When girls are about twelve years old the mothers, tired of supporting them, for that task is seldom assumed by the fathers, take them to town on the first market day. The little produce being sold, the pair proceed from house to house seeking some “kine missus” who will take a school girl. In the end the child becomes the property of whoever will clothe, feed and shelter her. Pay is not expected, though when she grows helpful she is sometimes given an occasional gift of silver. The rights of the mistress are patriarchal, and whether or not she spoils the child the rod is seldom spared. When she gets to be seventeen or so the girl suddenly disappears in the night, with a bundle of her clothing.
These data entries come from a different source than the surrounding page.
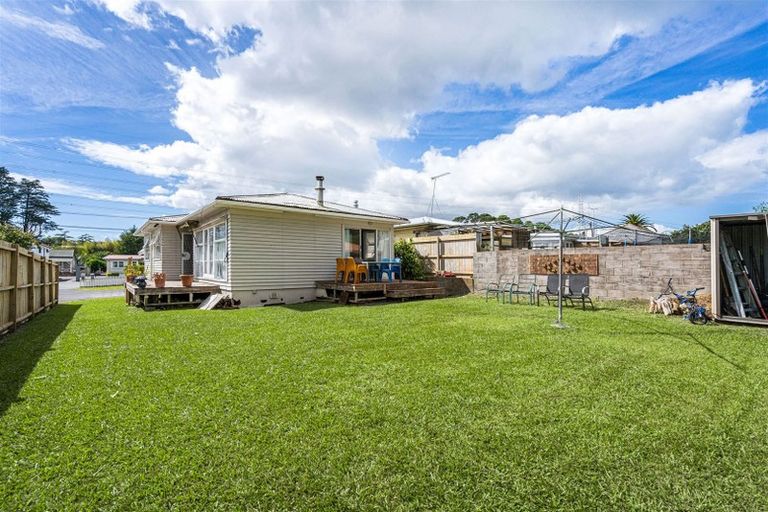 Photo of property in 145 Portage Road, New Lynn, Auckland, 0600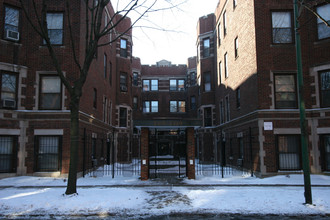 2315-2329 E 70th St in Chicago, IL - Foto de edificio - Building Photo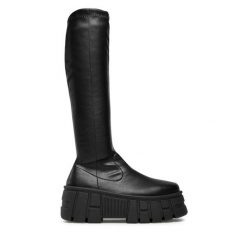 Kozaki Altercore. Czarne kozaki Altercore, bez wzorów, bez obcasa, na koturnie, bez zapięcia. Za 379.99 zł.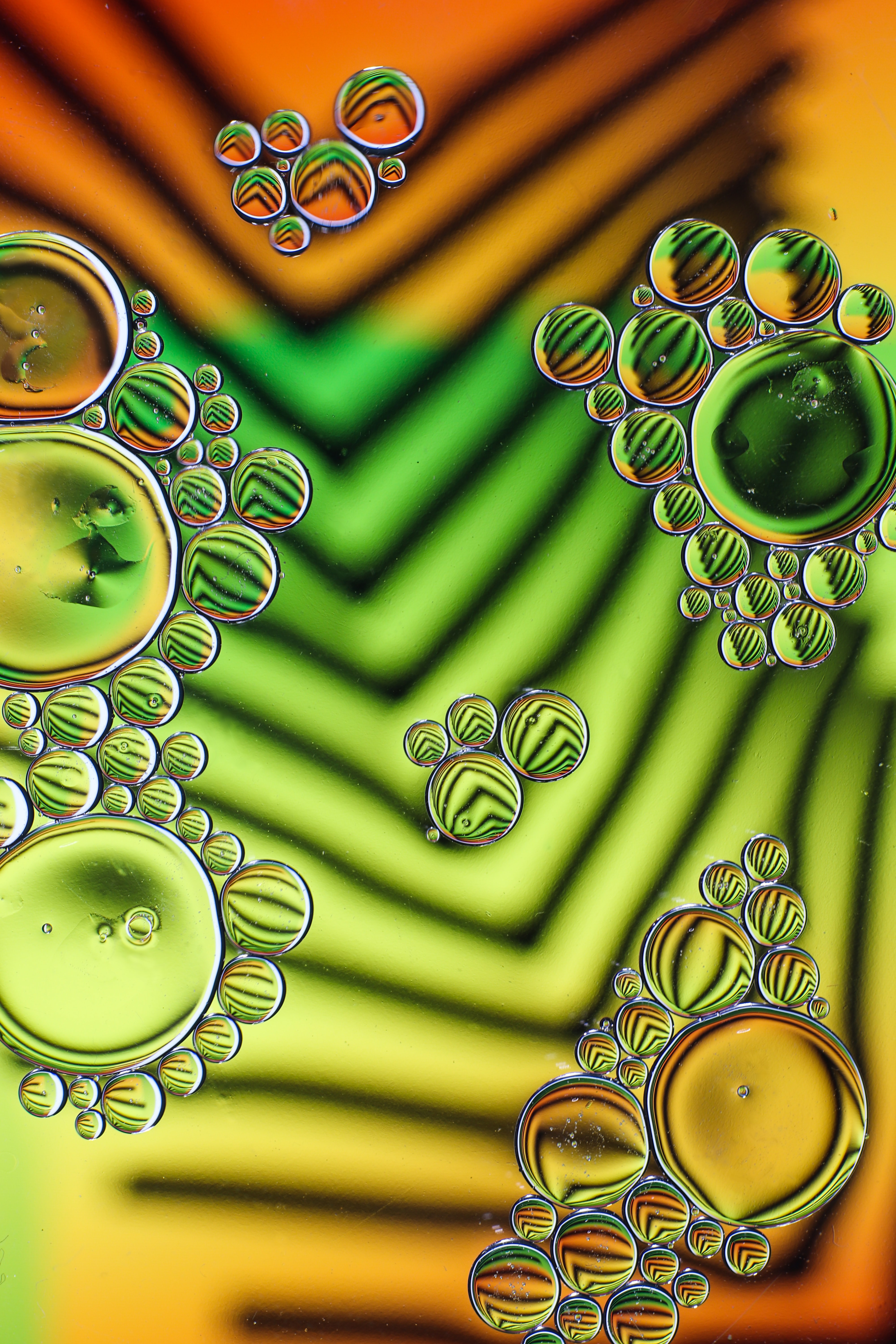 Free download wallpaper Reflection, Bubbles, Drops, Motley, Macro, Multicolored, Liquid on your PC desktop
The inevitable man has crossed her path and she has gone to be his companion and slave.

ONE WAY OF CARRYING BANANAS
At the docks of the United Fruit Co., mechanical carriers, so perfected as not to bruise the fruit, have replaced the leisurely negro

When you think of it there is not much economic change in her situation. She worked for her mistress for nothing—she does the same for her husband, or more commonly for her “friend.” He may work spasmodically for her when the need of actual money compels, but as a rule she is the wage earner. Always she tends the little garden and takes its slender produce to market. Sometimes she joins the coal-bearing Amazons down at the steamship docks. Often she goes back to the family which brought her up and offers her services anew—this time for a wage. Every house has two or three boxes a few feet away serving for servants’ quarters, but a girl of this type will decline these, renting instead a shack in a “yard,” taking there daily the materials for her dinner usually provided by her mistress. At its door, in a brazier, or a tiny stove, she will cook the meal for the idle “husband” and the children who arrive with mechanical regularity. After supper there is the gossip of the dozen or more women in the yard.

The rebuilding of Kingston, compelled by the earthquake, is proceeding apace. The town will lose much in quaintness, one can see that by the ruins of some of the older structures in which stately colonial outlines can be traced. But it will gain in adaptation to the climate and the ever-present earthquake menace. The main business street—King Street, of course, being a British colony—is lined on either side with arcaded concrete buildings of a uniform type. Ceilings are high, windows large and one may walk the three long blocks of the busiest business section without emerging from the shady arcades. The government buildings, occupying two full squares and setting well back from the street, are of a type that suggests the streets of India, and are also of reinforced concrete. It is the belief of the authorities that the comparative lightness of this material coupled with its resistant powers will enable it to survive any earthquake. The whole period of the shock of 1907 barely exceeded ten seconds, but its wreckage will not be repaired in ten years.

“GWINE TO DE BIG JOB”

The cargo that we have taken on from the spice-scented dock is technically called a “cargo of black ivory,” made up of negroes sailing for Colon to work on the “big job.” Good-natured, grinning negroes these, though I have heard that, on the smaller ships that carry them by hundreds for the 500 miles for five dollars each, they sometimes riot and make trouble. With us they were inoffensive, though it is perhaps as well that the passenger quarters are to windward of them. The religious sentiment is strong upon them and as the sun goes down in the waste of waters the wail of hymn tunes sung to the accompaniment of a fiddle and divers mouth organs rises over the whistle of the wind and the rumble of the machinery. One can but reflect that ten years ago, before the coming of Col. Gorgas and his sanitation system, three out of five of these happy, cheerful blacks would never return alive from the Canal Zone. Today they invite no more risk than a business man in Chicago going to his office, and when their service is ended the United States government is obligated to return them to Jamaica where for a time their money will make them the idols of the markets, lanes and yards.